Les mouvements nationalistes et islamistes en tant que partenaire pour guider et conseiller les jeunes en Allemagne

Tous les textes juridiques européens consistent sur le droit et le devoir des parents d’élever leurs enfants. En cas de difficulté, le service d’aide à l’enfance et à la jeunesse peut soutenir les parents et devrait « aider les jeunes à interagir d’une manière indépendante et qu’ils puissent ainsi être capables de participer dans la société sur un même pied d’égalité », selon les réglementations liées au Droit social allemand.

A Hambourg, ces problèmes sont résolus au sein de la Commission de la protection de la jeunesse relevant de l’instance de la protection sociale, où le gouvernement de la place souhaite que des représentants de deux organisations islamistes controversées deviennent membres de cette commission en tant que consultants.

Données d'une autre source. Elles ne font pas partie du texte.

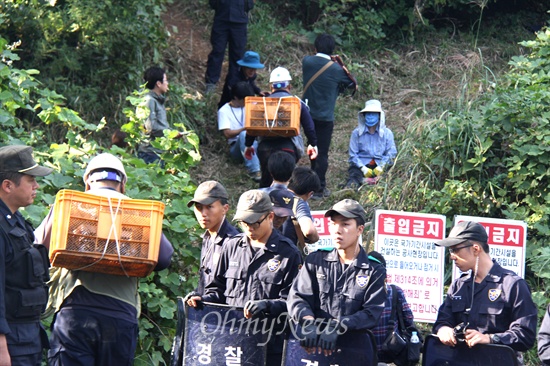  한국전력공사가 1일 밀양 송전탑 공사 재개를 위한 사전 준비작업에 들어갔다. 사진은 1일 오후 126번 철탑 부근에서 경찰이 배치된 가운데, 작업인부들이 물품을 지고 옮기는 모습.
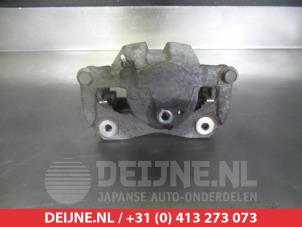 Toyota Auris Bremszange links vorne O325707 foto 2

Ces deux institutions sont l’Association germano-turque des mosquées, DITIB, qui est étroitement liée à l’État turc, et l’organisation faitière Choura, qui abrite également le Centre islamique de Hambourg considéré par l’Office fédéral de la protection de la Constitution comme étant un « important centre de propagande iranienne en Europe ». Les églises catholiques et protestantes des confessions religieuses étaient, de leur coté, effectivement représentées dans l’instance consultative aux côtés de la communauté juive.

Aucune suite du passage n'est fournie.